I reached out to V1 and V2 and told them exactly what I was doing. They laughed, but they were game. I asked them to pull up their journals or career trackers for the period of September and October 2020. I told them to look specifically for “unexpected opportunities” or a “redefining moment.”
The results were fascinatingly chaotic.
V1’s Documentation: V1, who works in logistics, had a genuinely messy October. They documented a major project collapse (the opposite of an opportunity) that resulted in them being reassigned to a different department, which they hated. However, in November, that reassignment led to a new, better manager and a massive pay bump. So, the ‘surprise’ was late, and October was actually just a painful pivot point. I logged V1’s actual surprise month as November.
V2’s Documentation: V2, who is in graphic design, had a relatively quiet October. Nothing major changed. They did document a big shift—getting headhunted for a completely remote role—but that happened in March 2020, right when the pandemic really kicked off. That was definitely the “biggest surprise,” but it was way off the horoscope’s mark. I documented V2’s surprise month as March.
Final Documentation and Tally
I looked at the results and just shook my head. The amount of effort I had to put in just to retrieve and then compare this prediction was ridiculous. I spent three hours tracking down a flimsy article, and then another hour cross-referencing it with real human documentation.

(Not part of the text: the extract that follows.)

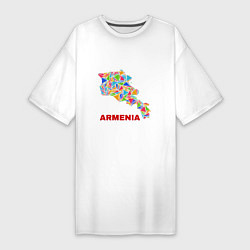 Футболка женская-платье Armenian Color, цвет: белый
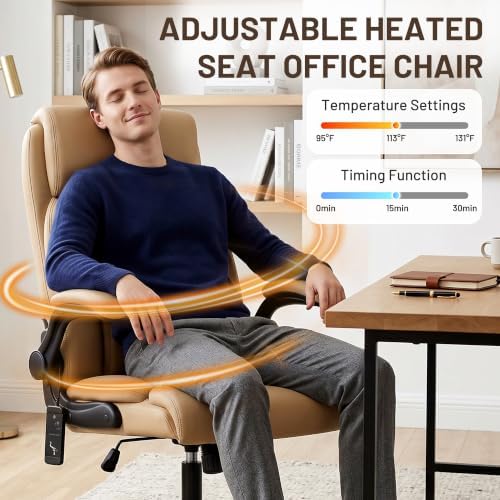 Heated Office Chair, Reclining Desk Chair with Constant Warm Heat, Big and Tall Executive PU Leather Chairs for Heavy People, Ergonomic Wider & Thicker Seat Cushion Gaming Chairs (Khaki)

What did I learn? That old internet content is a pain to retrieve, and even when you track down specific, archived claims, they rarely align perfectly with reality. The practice wasn’t about proving astrology right or wrong; it was about systematically testing a public prediction against private documentation. The process itself—the retrieval, filtering, extraction, and comparison—was the valuable part.
I finalized the practice documentation, noting that for my two test subjects, the predicted “Biggest Surprise Month” of October 2020 was either late by a month or completely missed the actual major career disruption that happened seven months earlier. The whole experience just reinforced my belief: keep your own records, folks. Don’t trust the stars; trust your spreadsheet.